Infelizmente, aqui e ali, isso está acontecendo. Dado o pano de fundo, exporei
aqui um caso emblemático. Antes de fazê-lo, no entanto, é preciso proceder a uma
digressão para esclarecer algumas coisas.
Começa a digressão
Já escrevi aqui — e Eurípedes Alcântara, diretor de
Redação da VEJA, divulgou uma Carta de Princípios a respeito da ética no jornalismo — que a qualidade
moral da fonte não faz a qualidade da informação. Uma pessoa decente e muito
bem-intencionada pode induzir um repórter ao erro. Um bandido pode dar uma
informação relevante. O importante é o jornalista saber para quem está
trabalhando. Não tenho receio nenhum de debater abertamente o que alguns
vagabundos andam dizendo sobre VEJA. O inquérito que veio a público demonstra
que o profissional da revista trabalhava a serviço da verdade e do interesse
público. Quanto mais isso fica evidente, mais a corja radicaliza na retórica. A
reportagem recebeu informações de Cachoeira? Também dele, a exemplo de uma penca
de jornalistas. Ou algum repórter investigativo de Brasília se oregulha se só
falar com beartos e beatas??? Matérias foram feitas só com informações do
dito-cujo? Isso é uma piada, uma fantasia! Tanto as reportagens de VEJA eram
fundamentadas, com dados inquestionáveis, que muitas delas estão, sim, na raiz
da demissão de ministros e servidores. Mas atenção! Quem demite é a
presidente Dilma Rousseff. VEJA não tem esse poder. Se a primeira mandatária
tomou tal decisão, encontrou certamente razões muito fortes para tanto.

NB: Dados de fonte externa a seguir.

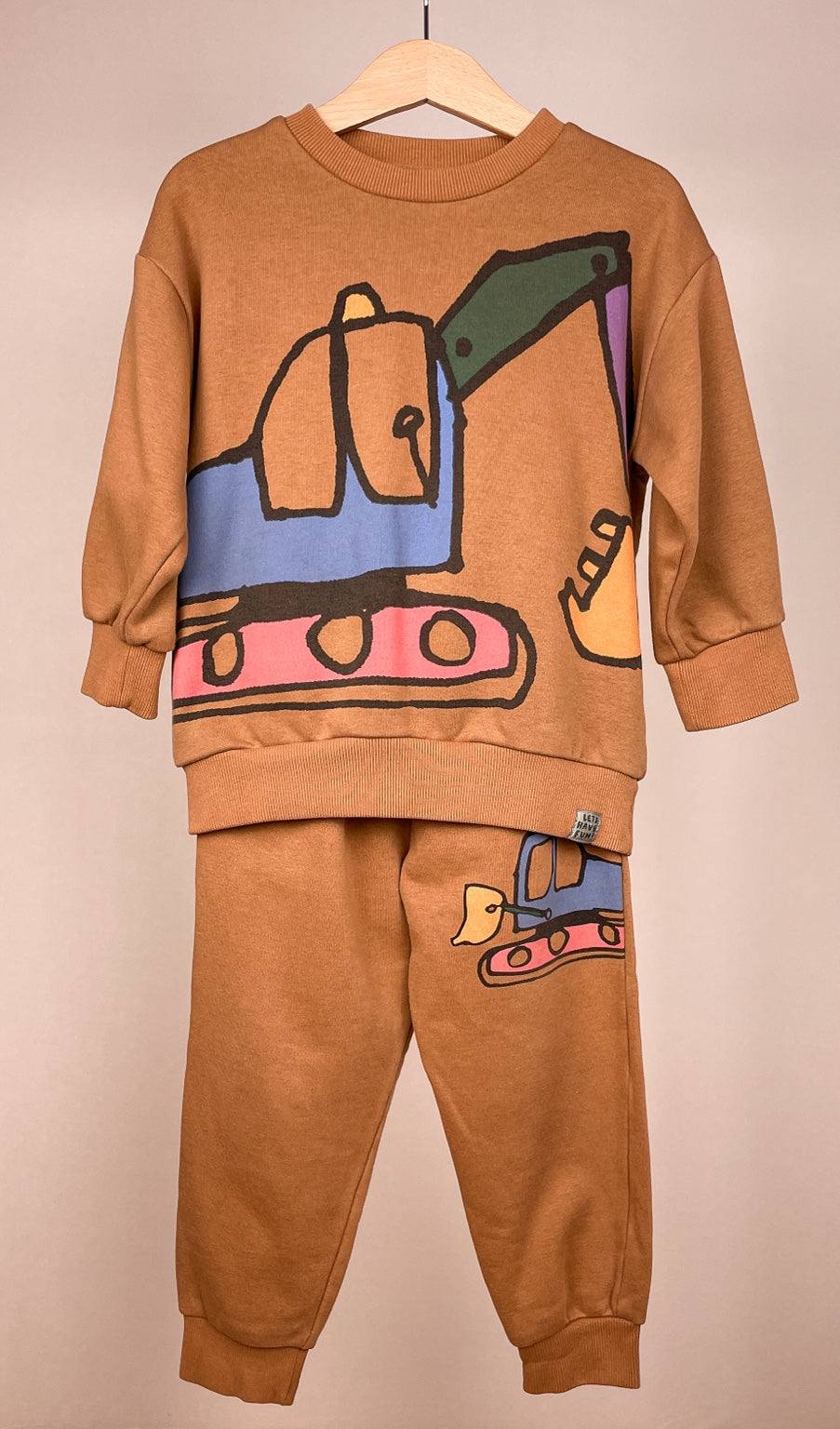 Next Jungen Sweatset mit Bagger Größe 98 Vorderansicht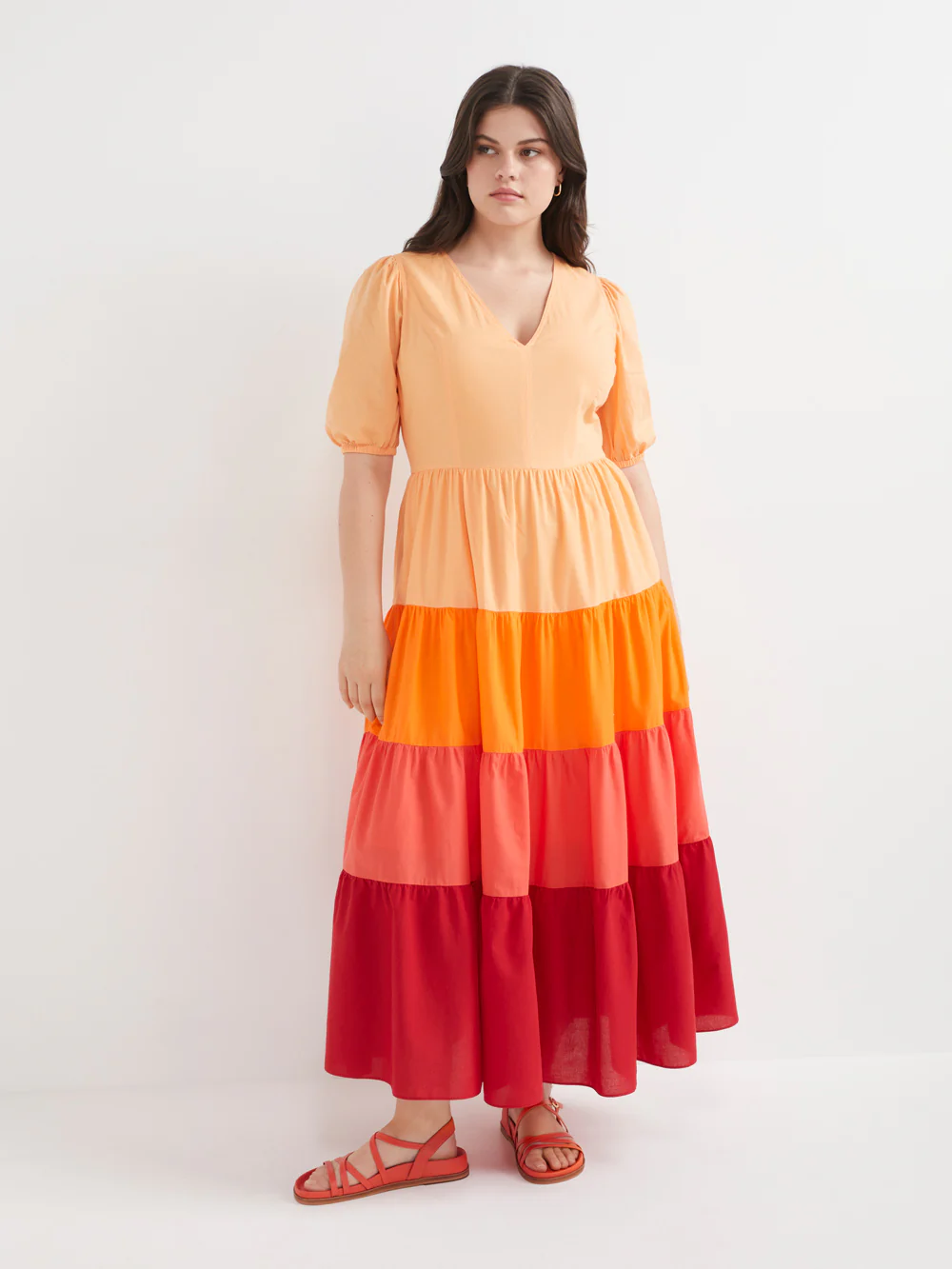 The Contrast Panel Cotton Tiered Dress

Não deve ter sido só para não deixar chateada a equipe da revista,
certo?
Jornalista não tem
de fazer um tribunal de moral e cívica antes de falar com a fonte. Tem é de ter
a certeza de que não trabalha para ela, mas para o interesse público. E tem de
apurar muito bem os fatos, reitero, para não servir a bandidos, como fizeram,
querendo ou não, os que sustentavam a veracidade do Dossiê Cayman. Naquele caso,
sim, em vez de apuração, decidiu-se dar crédito à conversa de vigaristas.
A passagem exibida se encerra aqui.